NHK Laboratories Note No. 486


Perceptual Discrimination between Musical Sounds
with and without Very High Frequency Components


Toshiyuki Nishiguchi, Masakazu Iwaki, and Akio Ando

Three-Dimensional Audio-Visual System


Abstract

  We conducted subjective evaluation tests to study perceptual discrimination between musical sounds with and without very high frequency components (above 21 kHz). In order to conduct strict evaluation tests, the sound reproduction system used for these tests was designed to exclude any leakage or influence of very high frequency components in the audible frequency range.
As a result, no significant difference was found between sounds with and without very high frequency components among the sound stimuli and the subjects. From these results, however, we can still neither confirm nor deny the possibility that some subjects could discriminate between musical sounds with and without very high frequency components. Nevertheless, the results also showed that the test system is entirely reliable, and that further evaluation tests using this test system will accurately show whether the very high frequency components in sound stimuli affect human recognition of sound quality.

1.  INTRODUCTION
It is generally accepted that humans cannot perceive sounds in a very high frequency range of over 20 kHz. Thus, the upper limit of the frequency range in conventional digital audio formats such as CD, DAT and digital audio broadcasting is typically set at about 20 kHz.


Nevertheless, some papers have discussed the influence of such “inaudible” high frequency components in musical sounds on the auditory sense or brain activity in recent years [1,2,3,4], and in recent years, digital audio formats such as SACD and DVD-Audio having a frequency response of close to 100 kHz have become available.


If such extension of the frequency range affects the perception of sound, it must be caused by reproduction of very high frequency components or some other factor. If very high frequency components are the major factor, then recording and reproduction of very high frequency components would be important. However, if some other factor is dominant, it would be independent of frequency range and so efforts to improve sound quality should be focused on this factor rather than on frequency range.
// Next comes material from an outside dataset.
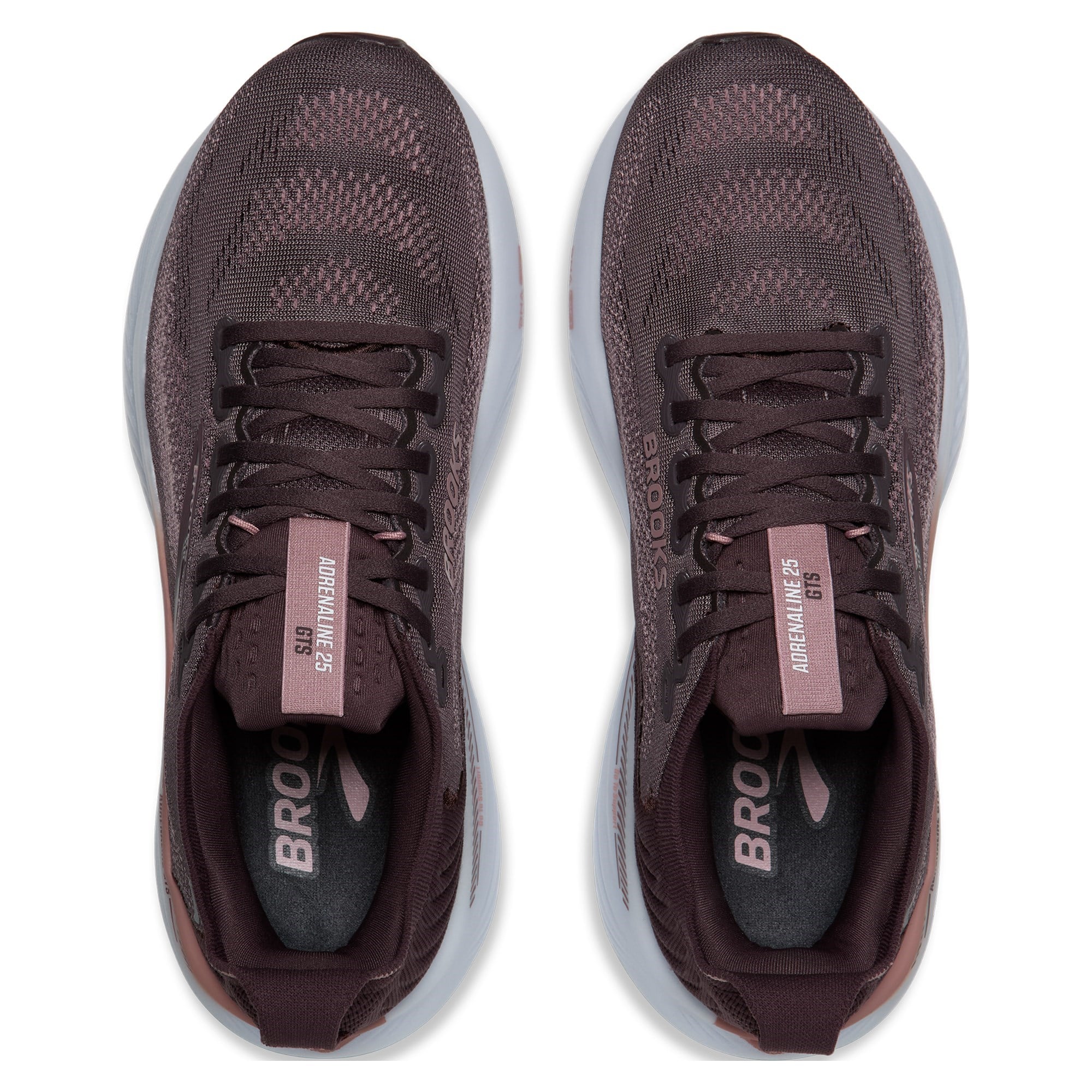 Brooks Adrenaline GTS 25 - Womens Running Shoes - Raisin/Woodrose/White - image 4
Accordingly, we conducted subjective evaluation tests to study perceptual discrimination between musical sounds with and without very high frequency components, which are defined as frequencies above 21 kHz. In order to make a pure comparison of sound with and without very high frequency components, the sound reproduction system for these tests was designed to exclude any leakage or influence of very high frequency components in the audible frequency range. The sound stimuli of various pieces of music used for the evaluation tests were newly recorded by authors to maintain the highest quality for proper sound reproduction. Most of the subjects for this evaluation tests were selected from professional audio experts and musicians.

2. Test System and Method
 
2.1. Test System

In order to conduct strict evaluation tests, the sound reproduction system for these tests was designed to exclude any leakage or influence of very high frequency components in the audible frequency range, whereas some previous studies had been unable to exclude such leakage or influence.
Our test system consisted of two completely independent sound reproduction systems, one for the audible frequency band, and the other for the very high frequency band as shown in Fig. 1. Each system had independent sound equipment, namely D/A converters, power amplifiers, loudspeakers, and power supply units.
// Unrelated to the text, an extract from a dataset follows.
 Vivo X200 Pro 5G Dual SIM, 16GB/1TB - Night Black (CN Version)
Each sound source used as a test stimulus was divided into two frequency bands by 1024 taps FIR digital low-pass and high-pass filters, which had very sharp roll-off characteristics as shown Fig. 2. The cut-off frequency for the low-pass filter was 20 kHz, and that of the high-pass filter was 22 kHz. The transition bandwidth of both filters was 1 kHz and the rejection ratio in the stop bands for these was set over 90 dB. Therefore, the sound sources were divided almost perfectly into an audible frequency band (below 21 kHz) and a very high frequency band (above 21 kHz) without any overlap in the frequency domain, and each sound was recorded independently on a DAW. Each recorded sound was reproduced independently and synchronized in time.


Fig.1 Test system diagram

A mute unit was inserted between the amplifier and D/A converter of the very high frequency band. Through the evaluation tests, the sound of the audible frequency band was always reproduced and the sound of the very high frequency band was muted or reproduced according to the test sequence. As this method excludes any influence of inter-modulated distortion by the very high frequency band components within the audible frequency band [5,6,7], it is possible to make an absolute comparison between sounds with and without very high frequency components. The digital equipment in the test system was operated at a sampling rate of 192 kHz and with 24-bit resolution.
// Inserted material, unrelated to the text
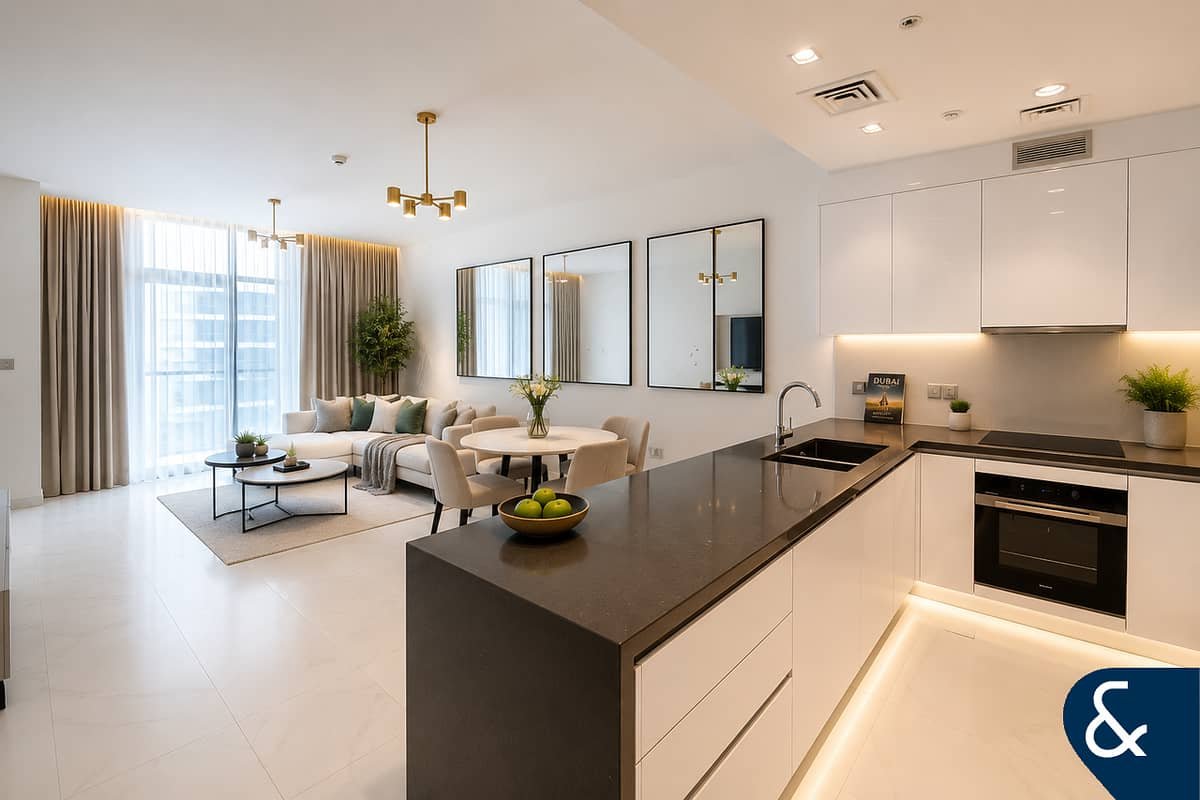 2-bedroom freehold apartment in Mohammed Bin Rashid City (MBR City) — photo 4 of 5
The evaluation tests were conducted in a listening room that was designed based on ITU-R BS1116. Loudspeakers were placed in a two-channel stereophonic arrangement. The distance between each loudspeaker and the subject was set at 2.9 m. The height of the subject’s ear was adjusted to the height of the super tweeter which reproduces the very high frequency band. The overall frequency response of this test system is shown in Fig. 3. At 70 kHz, the level dropped to approximately –10 dB from the reference level of 1 kHz.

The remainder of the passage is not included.